Redefine the Problem with Parent Coaching

“My Kids” Therapeutic Parent Coaching Program

            When you look at it the way you have always looked at it, you will see what you have always seen.  We have been programmed by our culture to think in behavioral terms.

  “My child is defiant…manipulative…controlling…dishonest.”

  “I can’t let them get away with this.”

  “If I don’t make him feel bad, I am a bad parent.”

  “I have to give a consequence (even thought they aren’t working)…maybe something more severe will work.”

  “This time the sticker chart will work, they will want to earn TV.”

If you are cool with that way of thinking about things and don’t want to see things differently, you probably should stop reading now.  For the rest of you, open your minds to a better way to connect to your kids!
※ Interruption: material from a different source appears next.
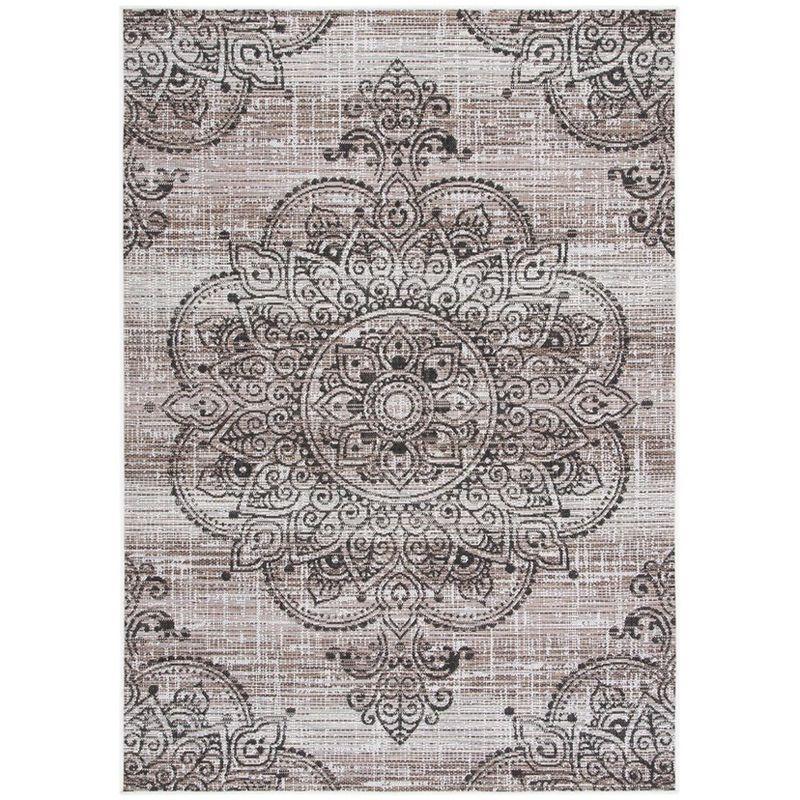 Havana Light Brown and Black Synthetic Indoor/Outdoor Rug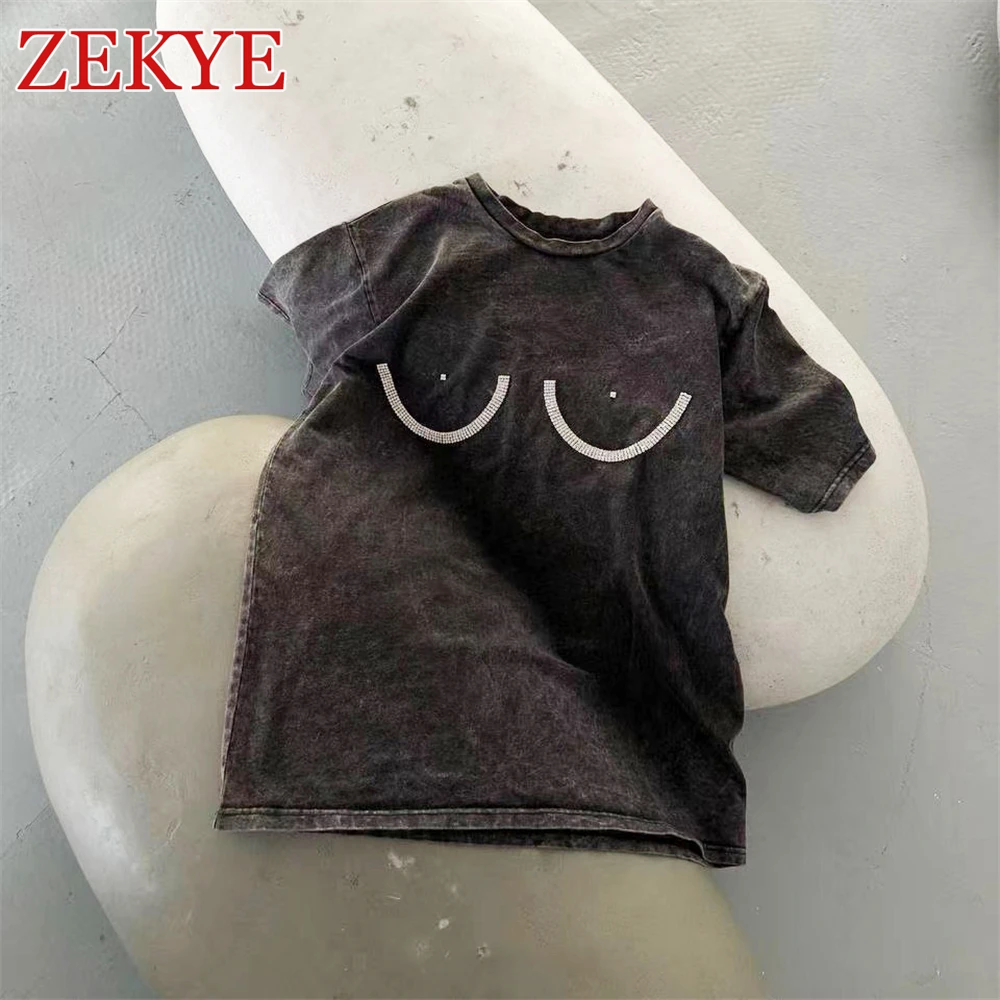 Zekye-T-shirt streetwear avec biscuits pour femme, haut décontracté rétro gris, pull basique, esthétique Y2K, DistMurcia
We are human beings, not Human doings!

            We treat our children as if they are human doings instead of human beings.  Why is this?  It’s because our world has programmed us to look at behaviors and not at the individual.   Think about it…insurance companies won’t pay for treatment if behaviors can’t be measured…many parenting books see kids, from new born to adolescents, as manipulative brats…If you walk into Target with a screaming kid under your arm while smiling and wave to people who are staring at you, they talk about you behind your back (or am I the only one who does that?).  Anyways, our world is about compliance not connection.  God created us to connect and for compliance to come out of those connections.  Neurologically, the executive functioning part of our brain (the prefrontal cortex) is designed to make decisions based 90% on our understanding of relationships, and based 10% on rewards and consequences.

“What you do does not determine who you are, who you are determines what you do.”  Neil Anderson

If this is true, traditional parenting approaches are very inadequate!   We need to redefine how we see the problem if we are going to change how we parent.  What would I do if I didn’t see my child as defiant, manipulative, or controlling?  I’m glad you asked!  At the root of all negative behavior, your child’s and yours, is insecurity.  When I am insecure I react out of fear.  Why do many parents give consequences?  Because they are afraid of what will happen if they don’t or that their child with think they “got away with it.”  Why do children act up?  They are stressed and become insecure because they don’t know how to manage it.  They haven’t developed the connections necessary to help them regulate their stress.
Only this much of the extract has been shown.